This will help decision support developers understand the

relevance of a given decision for adaptation, evaluate

constraints and opportunities facing decision makers, and

develop tools that fit a decision’s organizational, political,

legal, and socioeconomic context.

6.3. Decision inventory

Given the scope of the data collection that we are advocating, it

is important to understand how a decision inventory could be

developed, managed, and applied. As an example, consider

the way the now ubiquitous greenhouse gas (GHG) inventories

are used to support decisions about climate mitigation. GHG

inventories are databases that describe the emissions of GHG

across political and economic subdivisions. These data are

coupled with information about the technological and socio-

economic aspects of these emission sources to provide a

foundation for mitigation policy and emissions management

that helps decision makers to identify the most important

emission sources and prioritize mitigation efforts (Winiwarter

and Schimak, 2005). No equivalent resource currently exists

for impact assessment or adaptation, but an inventory of

adaptive decisions could be used in an analogous way to

identify adaptive opportunities. A decision inventory would

combine information about the climate sensitivity and

adaptive value of decisions along with constraints and

opportunities associated with alternative actions. It could be

organized so that information could be summarized by

geographic and economic subdivisions. For example, a

decision maker might be able to identify the ‘‘Top 3’’ adaptive

opportunities for water quality management in a given region

or associated with a particular environmental problem (e.g.,

coastal wetland restoration). Like existing GHG inventories, an

inventory of adaptive decisions could provide the basis for

strategic adaptive policy and management. Such inventories

could be conducted for any logical institutional or geographic

subdivision, such as organizations, states, regions, or agen-

cies. This would represent an actionable step forward for the

adaptation research community and progress toward a more

systematic and effective approach to decision support.

7. Conclusion

The provision of effective decision support for climate impact

assessment and adaptation is a challenging goal. Current

approaches are dominated by systems designed to improve

the quantity or quality of information available to decision

makers. However, theory and practical experience suggest

that decision support systems are more likely to lead to

desired outcomes when they balance the provision of

information with concern for organizational and political

processes. These considerations reflect an underdeveloped

dimension to existing decision support tools. A more balanced

approach will require new data on the characteristics and

context surrounding decisions and decision makers. This new

information can be used to improve the delivery of decision

support, as well as help identify sensitive decisions and

valuable adaptive opportunities.
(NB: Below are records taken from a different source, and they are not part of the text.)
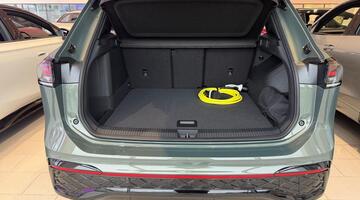 2026 Volkswagen R-Line 1.5 TSI eHybrid 204 PS 6-Speed DSG 5-door (Green) - Image: 9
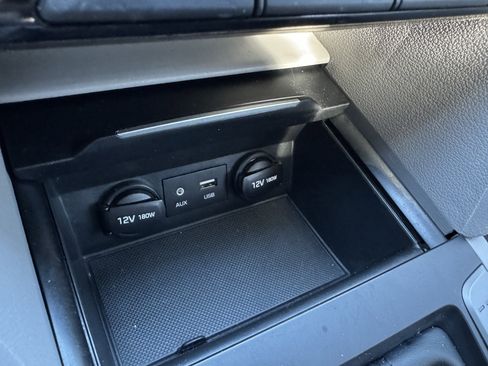 Used 2018 Hyundai Elantra Limited image 29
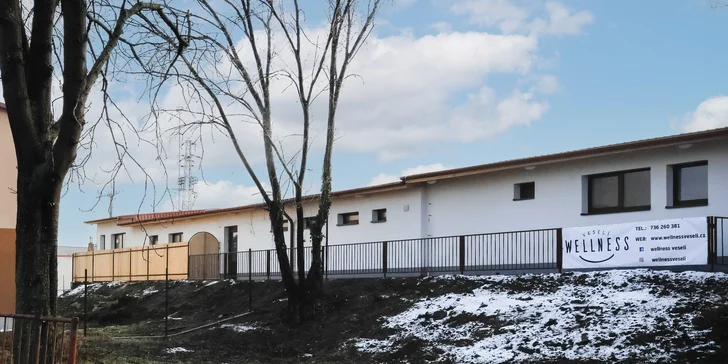 Relaxační pobyt v apartmánu: wellness se saunami a vířivkou i snídaně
Progress in these areas will

represent an important contribution toward the long term goal

of encouraging the effective use of decision support for

adaptation to climate change.

Acknowledgements

The views expressed in this paper are those of the authors and

do not necessarily reflect the views or policies of the U.S.

Environmental Protection Agency. The authors thank Joel

Scheraga, Anne Grambsch, Thomas Wilbanks, William Clark,

and two anonymous reviewers for constructive comments

during the preparation of this manuscript.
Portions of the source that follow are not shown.